Beamed Up (and Beamed Down)

Fire in the Sky never doubts Travis Walton’s story, that he was abducted by aliens over five days before being returned. Anyone questioning these events is presented as a villain, overly aggressive, and smug. To this movie, everything is true.

If Walton’s recounting is authentic, then he’s unlucky – a blue collar worker in Arizona, under-educated, and at the time of his abduction, in need of money for his various business ideas. In Hollywood, the chainsaw-using, pick-up truck driving logger is either comedic foil or enemy. Here, Walton becomes an empathetic protagonist.

Trying to amplify the already unreal dims Fire in the Sky’s credibility

The script takes liberties; all adapted stories do. For Fire in the Sky, that’s unfortunate. Producers felt the kidnapping wasn’t fantastic enough for the screen, as if being beamed aboard a UFO is somehow dull. Being realistic in their visuals, movies have the ability to penetrate the mass public more than a book, news story, or TV interview. Trying to amplify the already unreal dims Fire in the Sky’s credibility.

Robert Patrick takes the lead against stock antagonists, the government authorities from out of state who refuse to believe, even after administering a polygraph test. The fight becomes the poor working men against an egotistical detective, utterly derivative and pedestrian.

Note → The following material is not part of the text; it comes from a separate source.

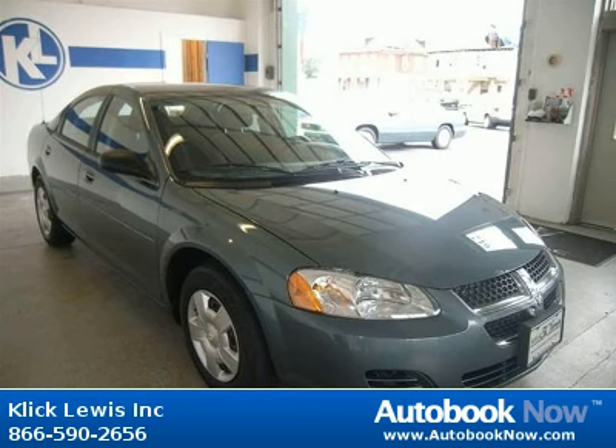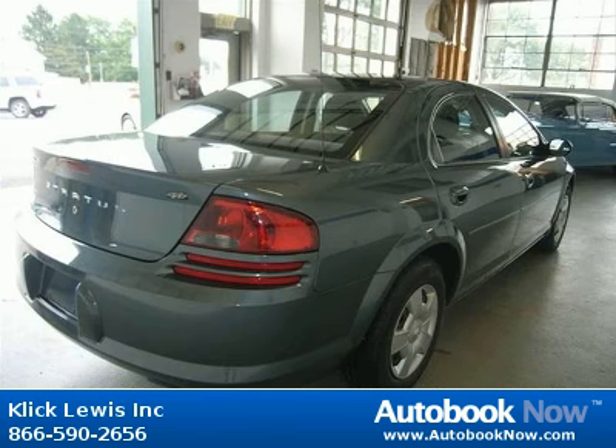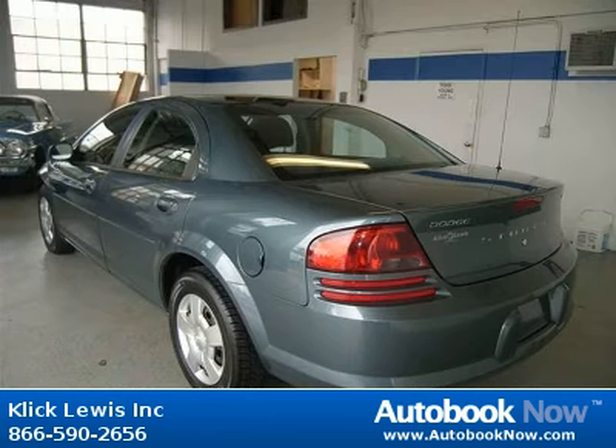This 2006 Dodge Stratus is available at ClickLouise Inc. in Palmyra, Pennsylvania. This Stratus has a beautiful green exterior and gray interior. It has 12,000 miles on it.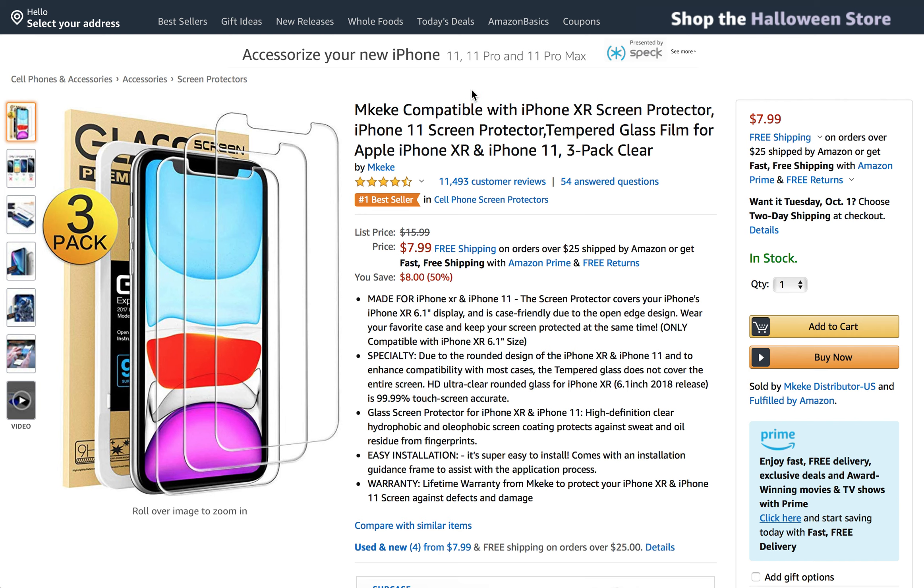So today's product that I am talking about is the Mkike compatible with iPhone XR screen protector and also the iPhone 11 screen protector right here.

Walton is the key. As he goes missing for days, Fire in the Sky lingers around Patrick who slowly loses his patience and already strained family defending Walton. It’s rarely captivating material. By the third act, as Walton’s memories return, Fire in the Sky begins a special effects flurry, including animatronic aliens, spaceship interiors, and freakish experimentation.

Therein lies the challenge, whether audiences buy Walton’s account or not. Fire in the Sky never gives that choice and in engaging with the surreal visuals so definitively, locks in that decision for the viewer. There’s no mystery or nuance, no deep, insightful perspectives, and no doubt. Typically branded as society’s kooks, those who claim abduction and probing rarely have such an opportunity to have their side told on screen. Walton is lucky, even if the blatant one-sided viewpoint lacks reliability.

Video

Shout/Scream Factory’s packaging doesn’t include a note about the master, but the results deliver. This is clearly a fresh scan, and close to if not from the negative. Spectacular sharpness and detail in droves make Fire in the Sky look new. It’s a spotless print, naturally preserved with the grain intact and well resolved. A few exceptions in smokier photography aside, this is transparent to the source.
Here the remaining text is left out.